# Assignment
The output should be every line below that includes the word "Custom".

# Data shown
::::::

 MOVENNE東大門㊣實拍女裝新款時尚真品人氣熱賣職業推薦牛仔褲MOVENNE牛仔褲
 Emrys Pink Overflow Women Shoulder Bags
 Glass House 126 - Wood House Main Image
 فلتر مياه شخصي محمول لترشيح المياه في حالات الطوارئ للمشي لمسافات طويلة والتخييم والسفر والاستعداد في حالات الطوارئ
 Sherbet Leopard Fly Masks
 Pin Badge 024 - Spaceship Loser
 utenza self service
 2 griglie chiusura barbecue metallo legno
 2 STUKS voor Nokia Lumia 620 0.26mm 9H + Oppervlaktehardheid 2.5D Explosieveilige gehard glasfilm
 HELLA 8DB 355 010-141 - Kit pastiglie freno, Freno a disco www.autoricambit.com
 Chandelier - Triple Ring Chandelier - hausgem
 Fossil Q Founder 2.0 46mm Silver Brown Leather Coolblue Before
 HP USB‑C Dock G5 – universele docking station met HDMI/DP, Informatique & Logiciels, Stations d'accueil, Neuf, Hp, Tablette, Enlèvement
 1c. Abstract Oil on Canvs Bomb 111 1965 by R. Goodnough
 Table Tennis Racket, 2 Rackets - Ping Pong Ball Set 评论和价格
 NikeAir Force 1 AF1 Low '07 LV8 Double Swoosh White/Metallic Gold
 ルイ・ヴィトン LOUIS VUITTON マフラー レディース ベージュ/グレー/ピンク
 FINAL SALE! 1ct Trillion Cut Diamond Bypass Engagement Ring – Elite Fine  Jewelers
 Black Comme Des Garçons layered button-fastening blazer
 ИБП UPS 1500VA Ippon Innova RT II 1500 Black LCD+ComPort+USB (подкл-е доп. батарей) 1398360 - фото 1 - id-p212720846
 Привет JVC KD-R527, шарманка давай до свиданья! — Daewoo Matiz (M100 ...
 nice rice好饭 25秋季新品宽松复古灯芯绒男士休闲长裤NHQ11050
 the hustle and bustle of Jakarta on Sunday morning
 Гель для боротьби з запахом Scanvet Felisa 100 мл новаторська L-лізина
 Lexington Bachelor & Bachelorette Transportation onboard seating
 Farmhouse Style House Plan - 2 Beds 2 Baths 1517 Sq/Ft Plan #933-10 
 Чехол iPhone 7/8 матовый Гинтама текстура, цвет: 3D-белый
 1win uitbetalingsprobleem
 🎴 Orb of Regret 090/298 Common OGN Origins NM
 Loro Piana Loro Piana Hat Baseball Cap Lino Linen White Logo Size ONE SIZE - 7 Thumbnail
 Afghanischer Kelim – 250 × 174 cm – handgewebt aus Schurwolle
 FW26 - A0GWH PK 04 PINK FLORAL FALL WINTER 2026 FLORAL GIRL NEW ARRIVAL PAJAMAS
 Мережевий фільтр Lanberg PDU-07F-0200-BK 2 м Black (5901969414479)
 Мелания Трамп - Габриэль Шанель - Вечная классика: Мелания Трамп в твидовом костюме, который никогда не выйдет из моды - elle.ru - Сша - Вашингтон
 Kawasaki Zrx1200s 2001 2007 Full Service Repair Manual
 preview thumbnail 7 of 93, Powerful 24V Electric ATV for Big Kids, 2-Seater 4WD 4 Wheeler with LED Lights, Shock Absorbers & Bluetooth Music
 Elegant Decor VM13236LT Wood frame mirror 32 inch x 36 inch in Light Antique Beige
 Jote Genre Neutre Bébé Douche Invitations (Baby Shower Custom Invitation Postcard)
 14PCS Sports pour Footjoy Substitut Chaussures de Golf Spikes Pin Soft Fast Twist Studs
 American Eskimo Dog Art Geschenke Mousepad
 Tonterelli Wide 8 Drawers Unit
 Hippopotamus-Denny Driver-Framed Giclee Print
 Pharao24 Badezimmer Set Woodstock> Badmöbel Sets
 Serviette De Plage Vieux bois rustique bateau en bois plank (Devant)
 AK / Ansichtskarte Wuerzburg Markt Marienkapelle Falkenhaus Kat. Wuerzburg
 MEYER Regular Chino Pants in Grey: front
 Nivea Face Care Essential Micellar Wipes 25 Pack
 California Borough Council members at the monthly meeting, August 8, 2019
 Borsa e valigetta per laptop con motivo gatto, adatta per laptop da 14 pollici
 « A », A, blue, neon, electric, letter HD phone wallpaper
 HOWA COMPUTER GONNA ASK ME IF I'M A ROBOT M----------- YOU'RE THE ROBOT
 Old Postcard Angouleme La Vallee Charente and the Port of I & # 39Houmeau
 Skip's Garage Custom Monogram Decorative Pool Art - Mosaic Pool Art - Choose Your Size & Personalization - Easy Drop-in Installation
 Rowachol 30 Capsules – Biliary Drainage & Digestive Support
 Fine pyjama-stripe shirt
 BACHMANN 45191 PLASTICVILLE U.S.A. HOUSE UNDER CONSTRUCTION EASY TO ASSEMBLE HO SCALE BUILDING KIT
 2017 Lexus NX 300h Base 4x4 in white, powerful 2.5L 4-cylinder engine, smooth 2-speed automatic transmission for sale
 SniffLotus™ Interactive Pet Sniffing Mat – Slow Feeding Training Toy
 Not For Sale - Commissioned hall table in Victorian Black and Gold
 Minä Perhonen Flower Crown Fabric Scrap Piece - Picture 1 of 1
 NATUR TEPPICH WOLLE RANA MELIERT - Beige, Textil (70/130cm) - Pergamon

::::::

# Reply
 Jote Genre Neutre Bébé Douche Invitations (Baby Shower Custom Invitation Postcard)
 Skip's Garage Custom Monogram Decorative Pool Art - Mosaic Pool Art - Choose Your Size & Personalization - Easy Drop-in Installation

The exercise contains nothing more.